====== Given records ======
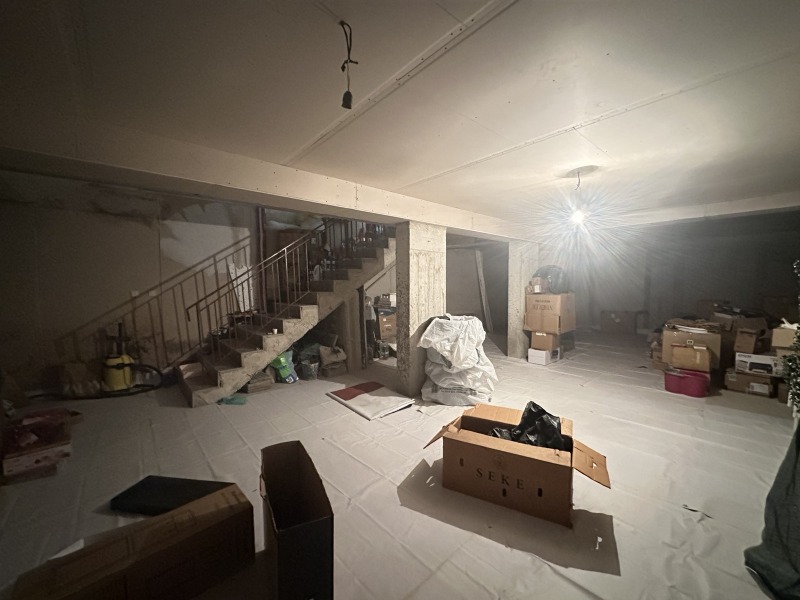 Продава  Магазин град Шумен , Център , 150 кв.м | 14367234 - изображение [4]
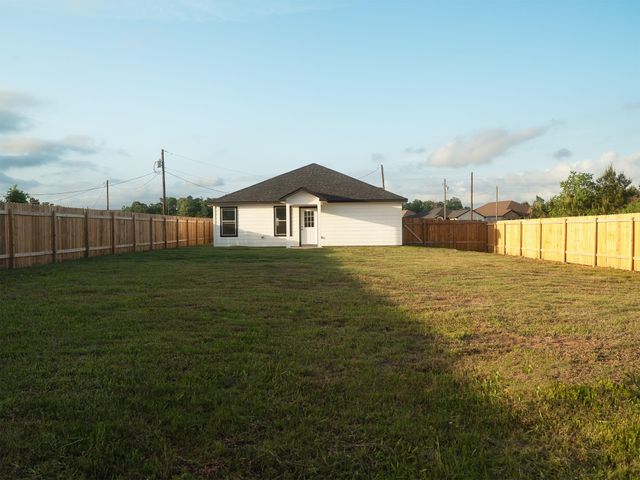 37 Road 5102 L, Cleveland, TX 77327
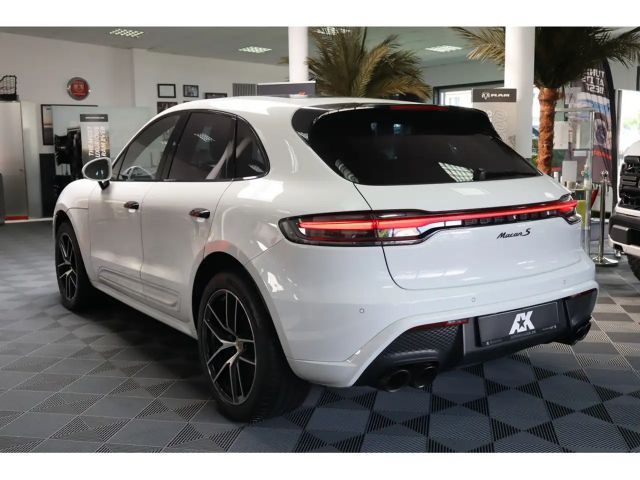 Porsche Macan S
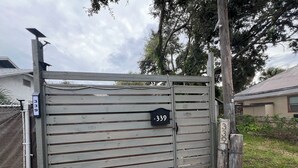 Una propiedad amurallada con un letrero con el número 339, un panel solar y una cámara de seguridad.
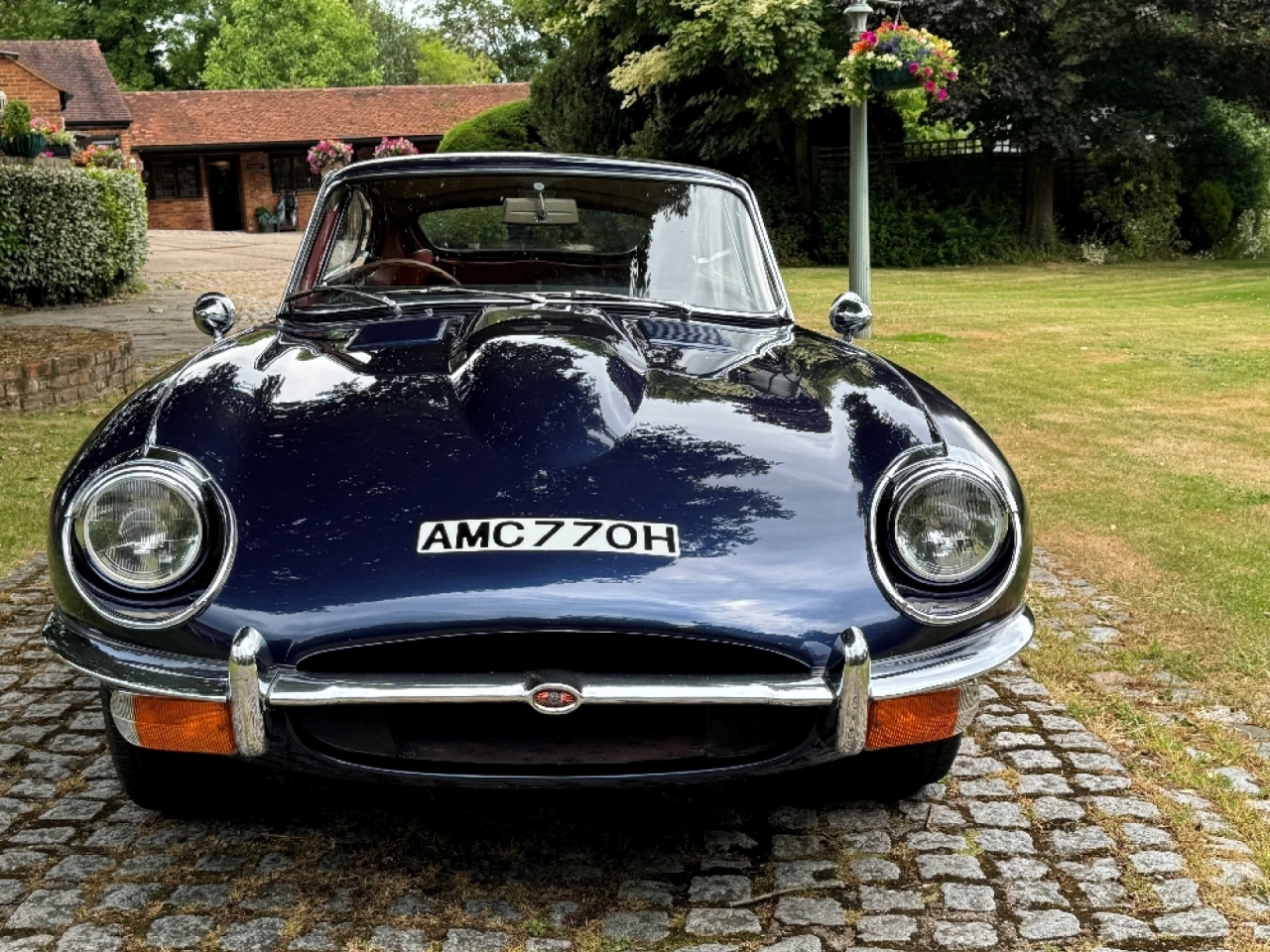 Jaguar E Type 4.2 Series II FHC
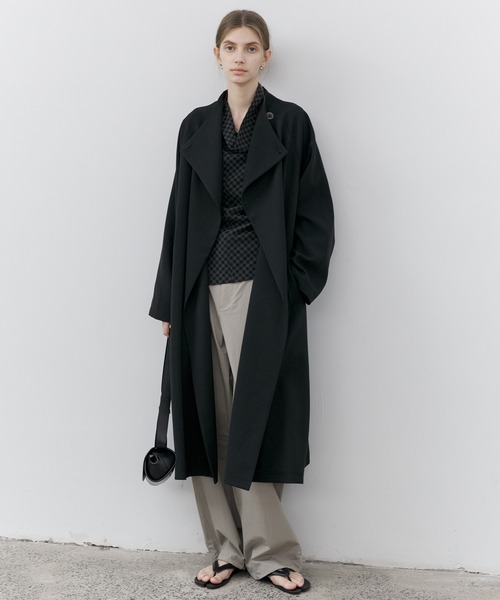 tageechita(タジチタ)の「【tageechita】ナイロン混 カーゴワイドパンツナイロン混 カーゴワイドパンツ(カーゴパンツ・レディース・グレイッシュベージュ/ダークネイビー・L/M/S)」の12枚目の写真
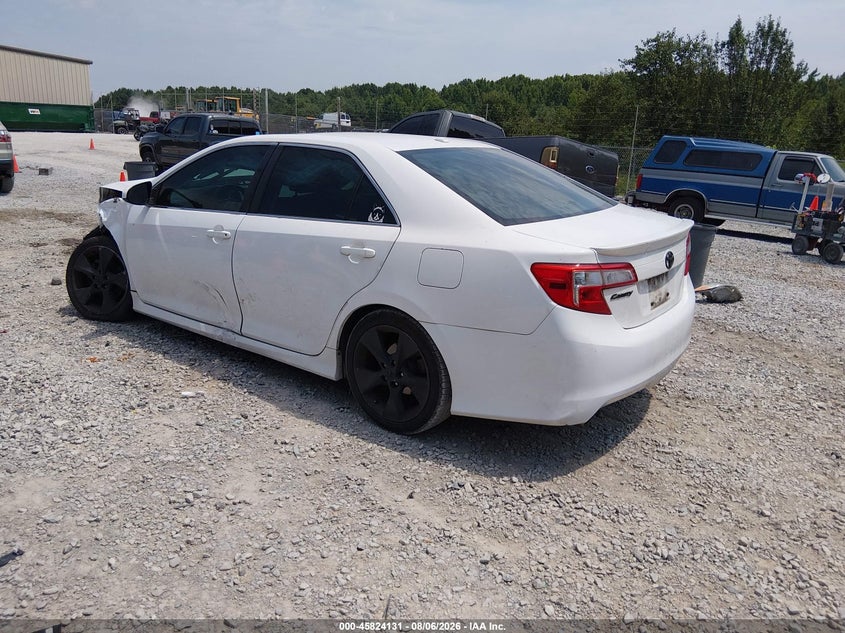 Vin: 4t1bk1fk2du022268, lot: 46323012, toyota camry se v6 20133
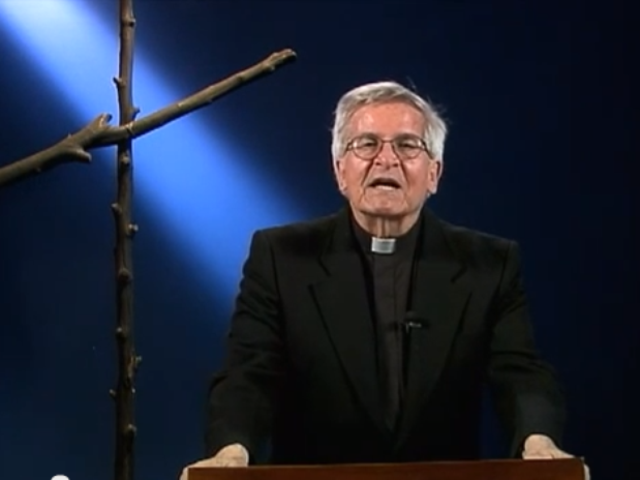 Desde 1967 participa, una vez por semana, en la presentación del programa diario de televisión “El Minuto de Dios”, labor que asumie permanentemente a fines de 1992.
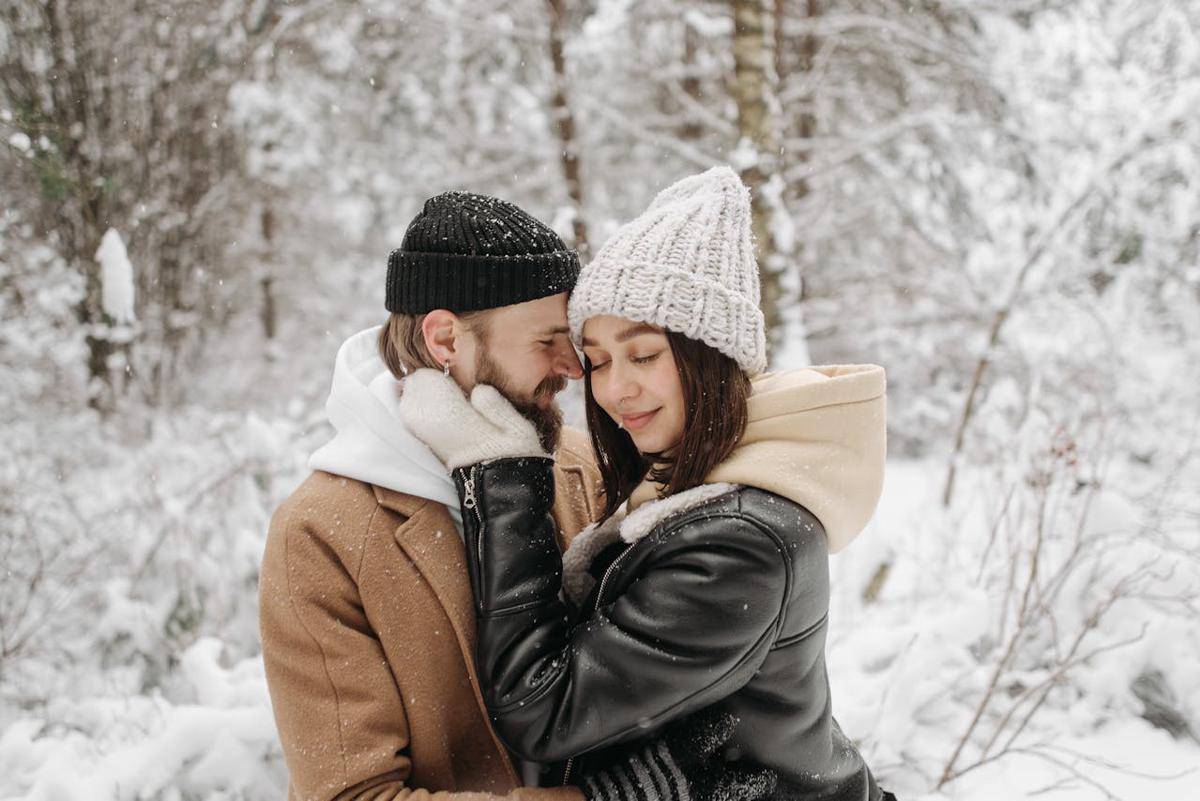 Ilustrasi cuffing season (pexels.com/Pavel Danilyuk)
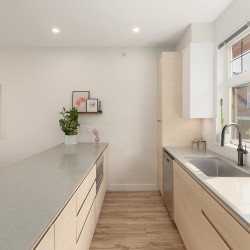 Photo 7 at 2272 St. George Street, False Creek Flats (Mount Pleasant VE), Vancouver East Photo 7 at 2272 St. George Street, False Creek Flats (Mount Pleasant VE), Vancouver East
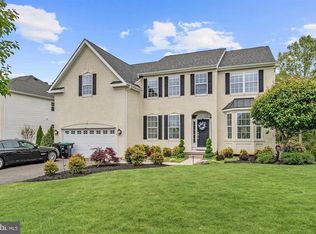 35 Buckingham Dr, Berlin, NJ 08009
======
--- To do ---
Could you return, word for word, every line from the line with "Jaguar E Type 4.2 Series II FHC" through the last line of the listing above, both ends included, without any pictures?

--- Result of this task ---
 Jaguar E Type 4.2 Series II FHC
 tageechita(タジチタ)の「【tageechita】ナイロン混 カーゴワイドパンツナイロン混 カーゴワイドパンツ(カーゴパンツ・レディース・グレイッシュベージュ/ダークネイビー・L/M/S)」の12枚目の写真
 Vin: 4t1bk1fk2du022268, lot: 46323012, toyota camry se v6 20133
 Desde 1967 participa, una vez por semana, en la presentación del programa diario de televisión “El Minuto de Dios”, labor que asumie permanentemente a fines de 1992.
 Ilustrasi cuffing season (pexels.com/Pavel Danilyuk)
 Photo 7 at 2272 St. George Street, False Creek Flats (Mount Pleasant VE), Vancouver East Photo 7 at 2272 St. George Street, False Creek Flats (Mount Pleasant VE), Vancouver East
 35 Buckingham Dr, Berlin, NJ 08009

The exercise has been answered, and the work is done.